Quant à la méthode... Je me souviens de Medhi et Antoine. Le premier
avait réussi à rester dans les classes régulières jusqu'au secondaire en
faisant sans doute très astucieusement semblant de savoir lire alors
qu'il pouvait tout juste reconnaître son prénom (mystère des exclus de
l'intérieur du système). Le second avait toujours été en établissement
spécialisé où l'on avait décidé en raison de sa dysphasie de
n'entreprendre de lui apprendre à lire que lorsqu'il prononcerait
convenablement les mots. Las, quand il a eu 12 ans, on estima sans doute
qu'il mobilisait trop de ressources sans aucun bénéfice et il fut
abandonné à la collègue institutrice qui m'a précédé dans le poste.

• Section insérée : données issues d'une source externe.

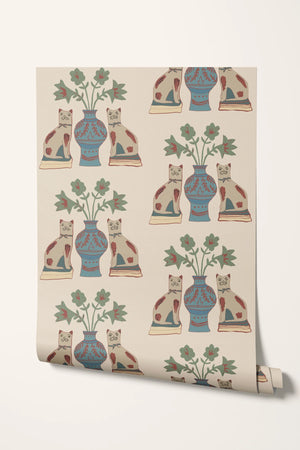 Pair of Cats wallpaper by Annika Reed in blue and cream, roll showing pairs of cats and vases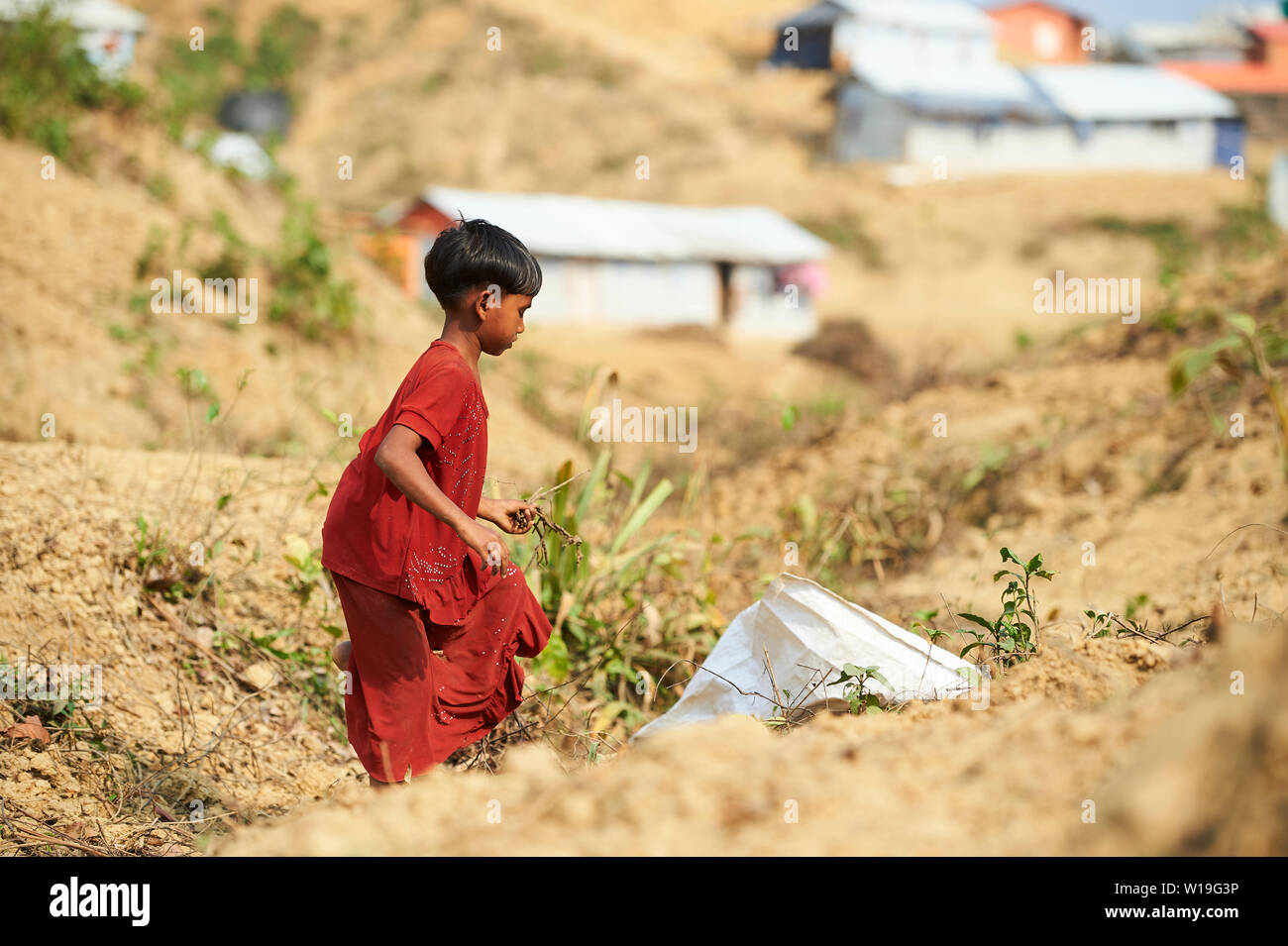 Kind im roten Kleid Sammeln von Brennholz in der Rohingya Flüchtlingslager Kutupalong, Bangladesch Stockfoto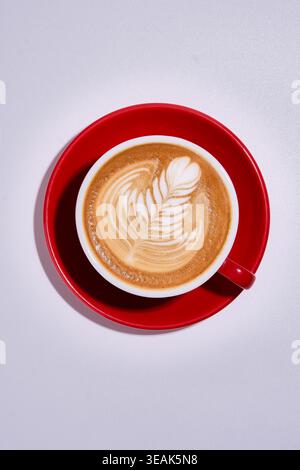 Tasse rouge contient un café lisse avec de la mousse. Boisson chaude servie dans une tasse rouge vif sur une surface blanche Banque D'Images
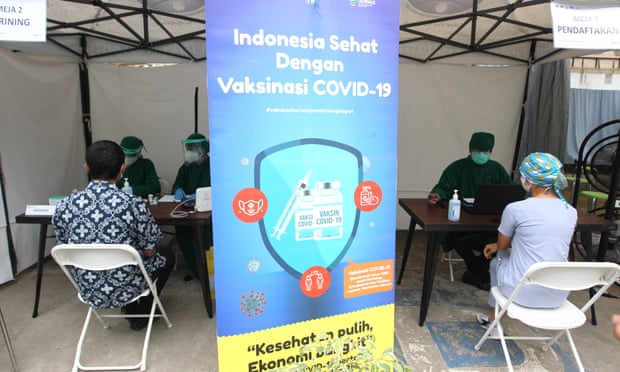 Health workers wait to be vaccinated at a facility in Jakarta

Cette dernière entrepris de l'initier par les syllabes et à mon arrivée
il parvenait à en déchiffrer quelques unes. Toutefois, mon - ta - gne ne
faisait jamais montagne. Le son ne faisait pas sens. J'ai accompagné
ces deux élèves dans leur apprentissage qui prit deux ans environ en les
associant comme s'ils étaient un seul lecteur. Je leur proposais
toujours des textes signifiants pour eux en adaptant des BD, ou en
utilisant des documentaires sur des thèmes qu'ils choisissaient. Le
premier ne pouvait s'empêcher de hasarder précipitamment un mot au vu du
contexte conformément à son habitude de faire-semblant. Le second avait
pour tâche de vérifier la plausibilité de l'hypothèse grâce à sa
connaissance de la correspondance grapho-phonétique. Petit à petit
chacun adopta les manières de son compagnon et les deux parvinrent à lire.
L'autre
chose que je voudrais vous dire, et qui ira contre la conclusion du journaliste animateur, c'est que la scolarisation de ces élèves ne progressera pas
parce qu'ils sont si "mignons", si méritants, si .... ou parce que leurs
parents se seront épuisés à réclamer ce à quoi ils ont évidemment
droit, elle progressera si et seulement si on parvient à convaincre que
nous avons besoin d'eux, que la société n'est pas complète s'ils sont
exclus. Pour ma part, ces jeunes m'ont tant appris et offert tant de
choses que je ne peux plus concevoir de ne les avoir pas connus.